La gente que fue evacuada caminaba como si no tuviesen destino claro, entre el claroscuro de las calles y avenidas apenas iluminadas por los faros de los autos, que a veces se detenían y recogían a alguien. No faltó quien sacara agua y comida para los rescatistas y bomberos.
A esa misma hora, el humo cubrió el sur de Quito, a más de dieciocho kilómetros de Guápulo, llevando las noticias de la emergencia a la garganta, nariz y boca del otro lado de la ciudad. Con el fuego ya más bajo control, los vecinos guapulenses retornados encendieron las mangueras y aspersores de sus patios y los apuntaron, con apacible sentido cívico, hacia el bosque hirviente.
El alcalde y los ministros que se hicieron cargo de la emergencia repitieron la tesis que se iría comprobando en las próximas horas: el incendio fue provocado. Hay 17 denuncias en la Fiscalía, y al menos un sospechoso. La cuenta material es seis casas destruidas completamente, casi una decena de heridos, y una ciudad ahogada en la desesperanza pero aferrada a la boya de la solidaridad.
Solo la luz de la mañana del 25 de septiembre reveló la real dimensión de la tragedia: en las laderas yacían escorados los restos calcinados de árboles, animales de corral y silvestres, paredes, enseres domésticos.
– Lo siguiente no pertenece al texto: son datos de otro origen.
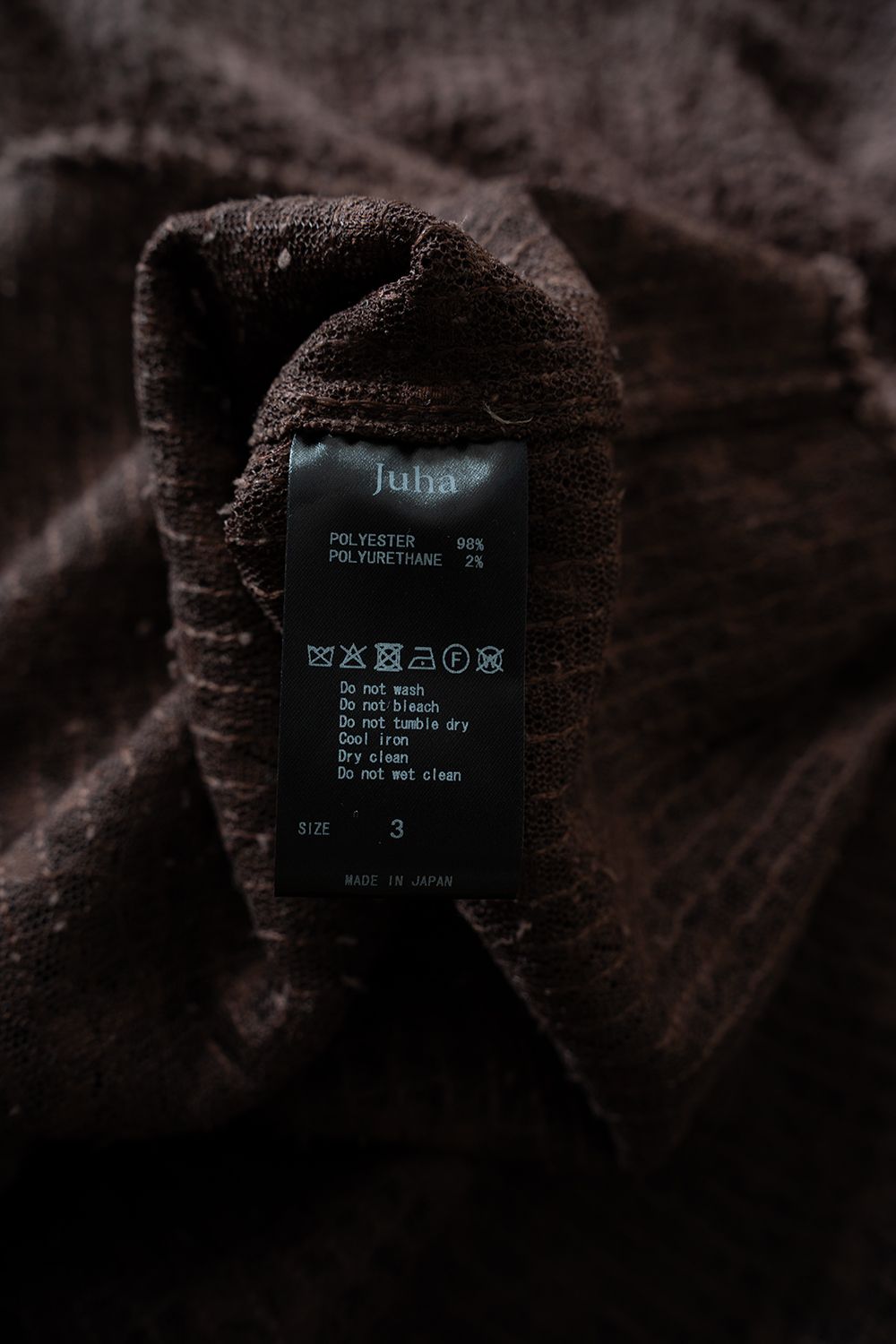 【ラスト1点】【26SS】Feather Lace Shirt/フェザーレースシャツ(BROWN)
Desde otros puntos de Guápulo, aún se levantarían por horas kilométricas nubes tóxicas, en los puntos calientes —como el cerro Auqui— donde el fuego era rápido para volver.
Para entonces, la ciudad ya no olía más a la esencia embrujante de los eucaliptos quemados, sino que llevaba el viento un aroma pútrido, ácido, venenoso como, ahora lo sabe Quito, apestan las tragedias.